AD/HD in the 21st century kid
AD/HD is one of the most misunderstood disorders that affect kids today. AD/HD or attention-deficit hyperactivity disorder is a behavioral condition that makes focusing on everyday requests and routines challenging. Research has demonstrated that AD/HD has a very strong neurobiological basis. Although precise causes have not yet been identified, there is little question that heredity makes the largest contribution to the disorder. Research does not support the popularly held views that AD/HD arises from excessive sugar intake, excessive TV viewing, poor child management by parents, or social and environmental factors such as poverty or family chaos. However, many things, including these, aggravate symptoms and can make them worse.

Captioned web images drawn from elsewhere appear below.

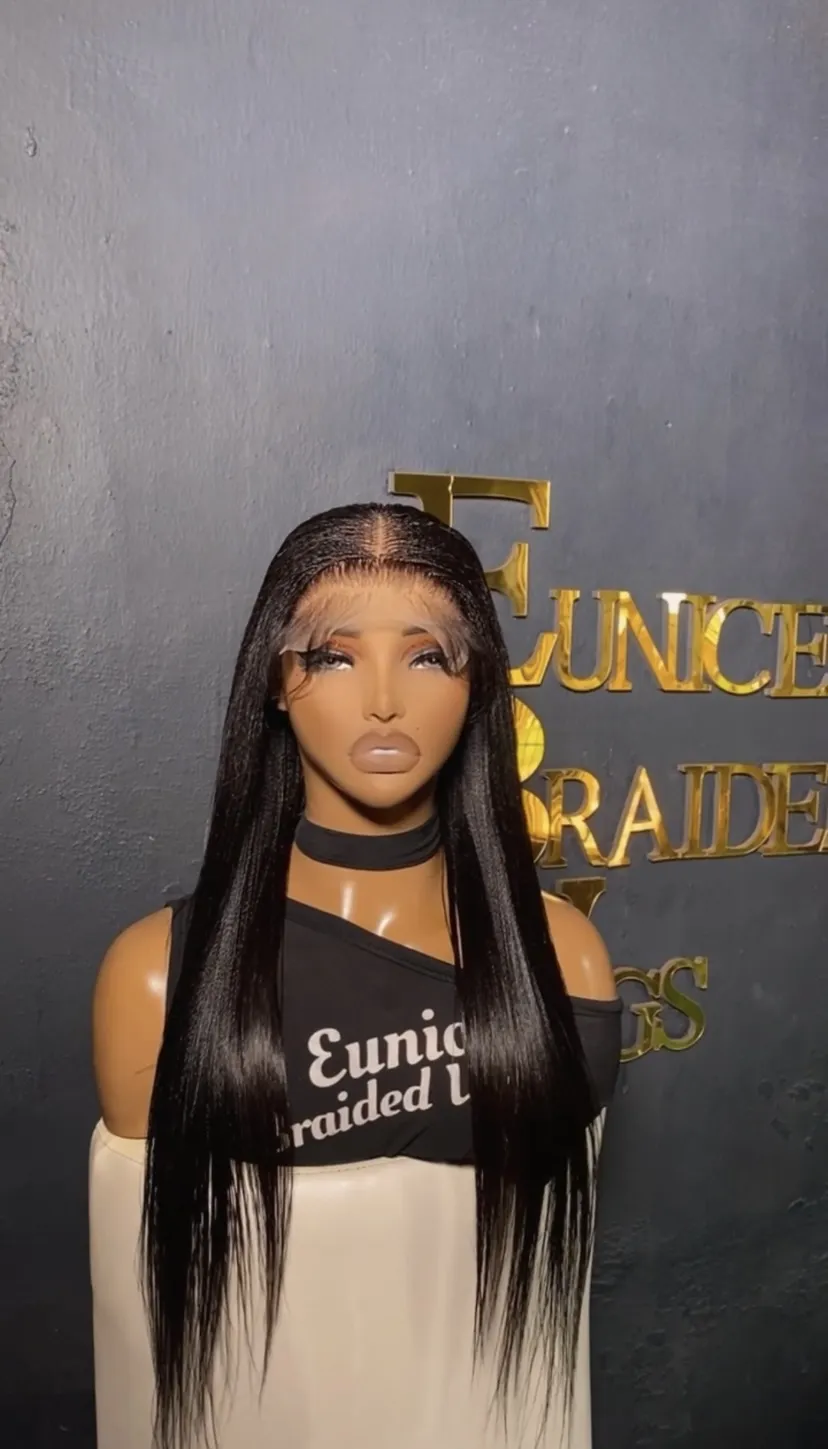 Closure glueless micro twist braided wig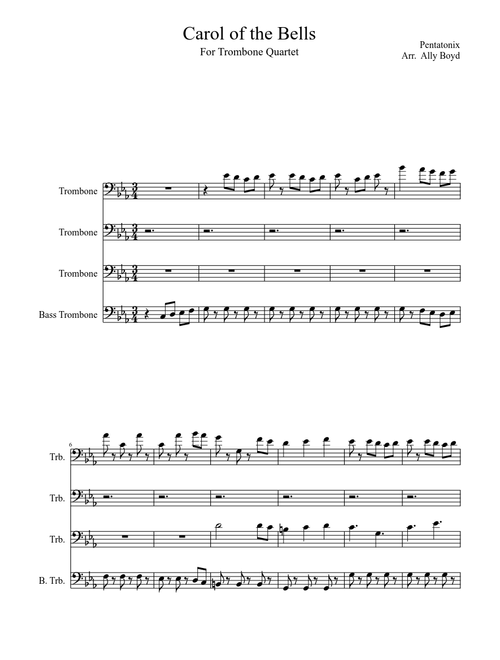 Carol of the Bells for Trombone Quartet - Pentatonix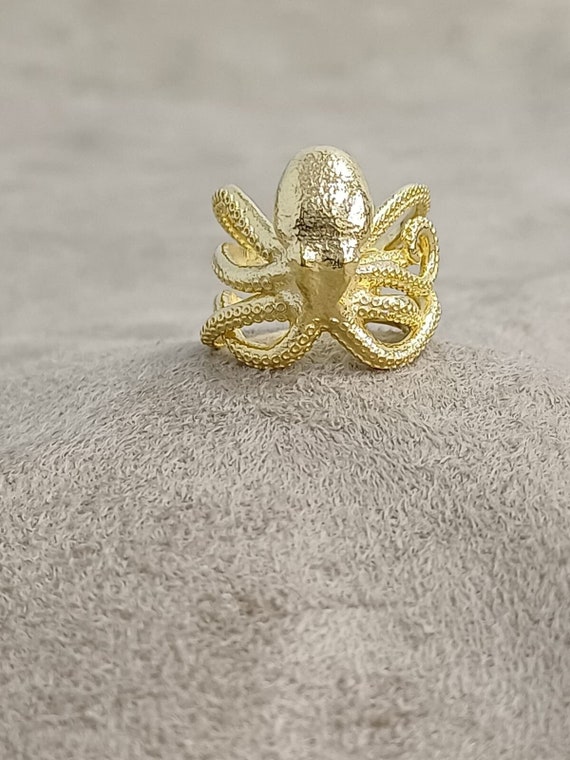 14Kゴールドメッキのタコリング - 神秘的でしなやかな海の精霊 - Etsy 日本
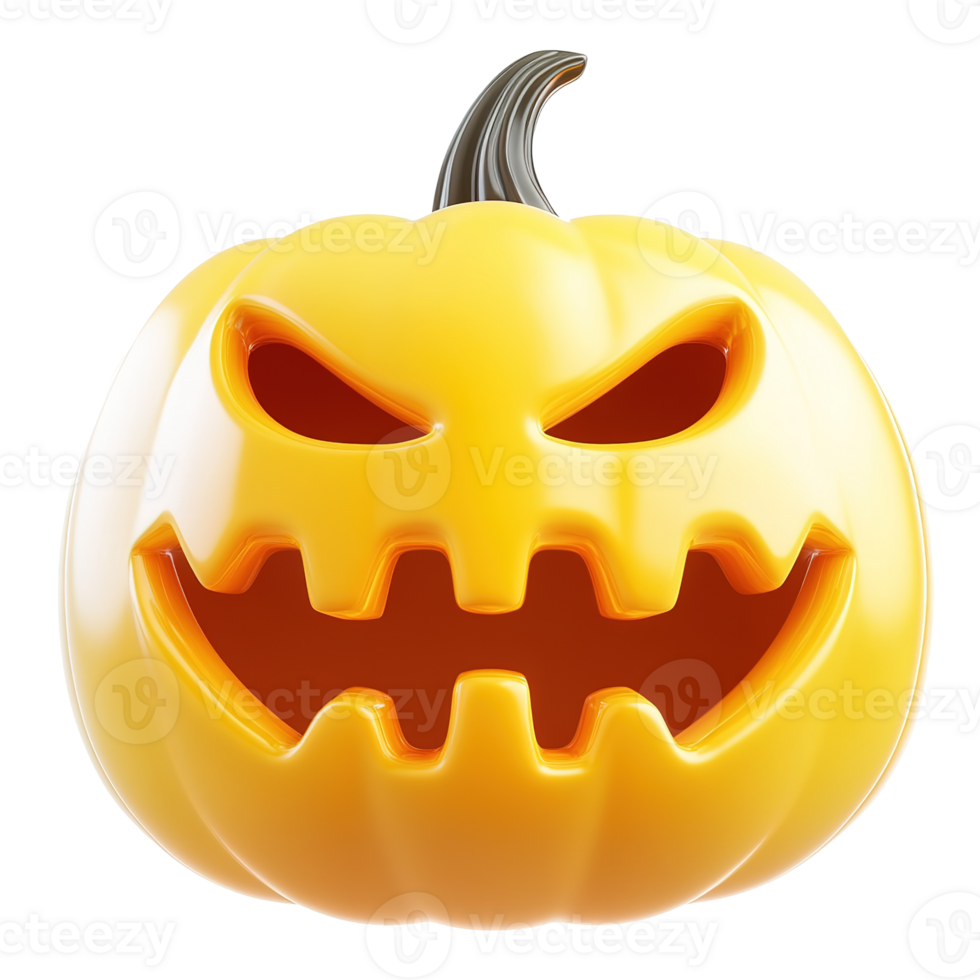 A digitally created smiling pumpkin face with carved facial features png
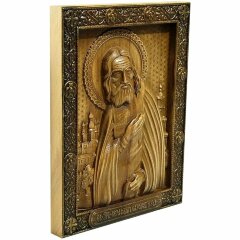 Резная икона «Серафим Саровский» (малая)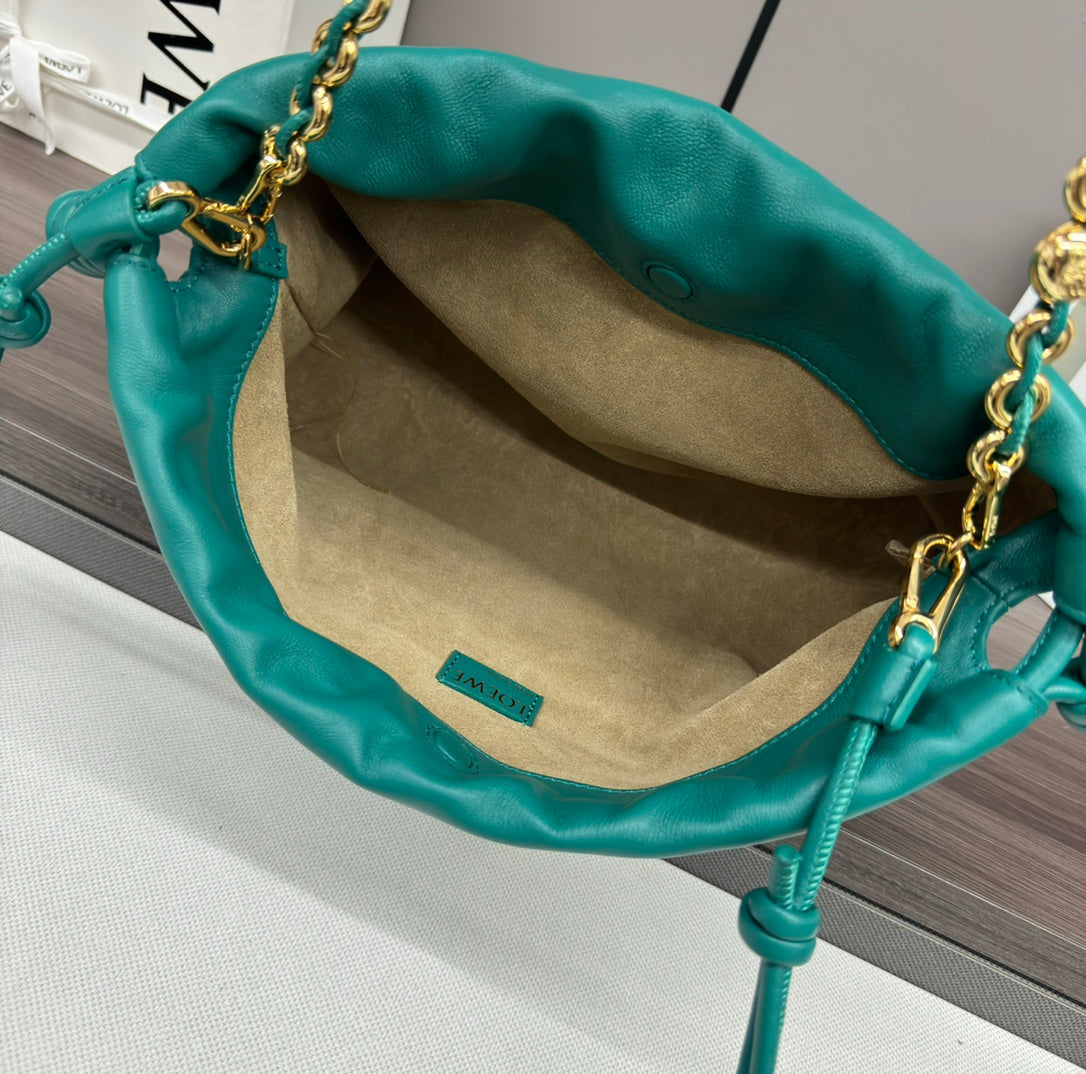 LOEWE LOE MEDIUM 30 FLAMENCO PURSE BUCKET IN TEAL GREEN LAMBSKIN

Kids with AD/HD typically have trouble getting organized, staying focused, making realistic plans and thinking before acting. They may be fidgety, noisy and unable to adapt to changing situations. Children with AD/HD can also be defiant, socially inept or aggressive. These areas can be significantly improved with treatment from a qualified professional. Play Therapy is a means by which children learn emotional as well as physical self-regulation skills. Creating a positive therapeutic relationship with the child is essential for helping to effect awareness and change. The connections between the therapist and the child help the child to feel safe and to trust their play can be genuine creating an atmosphere in which the child becomes willing to accept direction and be willing to work on the therapeutic goals.
Therapist can also provide activities that parents can do at home to help with many AD/HD symptoms. Many of these can be fun and can bring the whole family closer together. As with learning any new skill, practice is key so parents can ensure quicker longer lasting improvements by doing these activities daily.
Unrecognized and untreated AD/HD can lead to depression, anxiety and possible self-medication with illegal substances. Families considering treatment options should consult a qualified mental health professional for a complete review of their child’s behavioral issues and a treatment plan.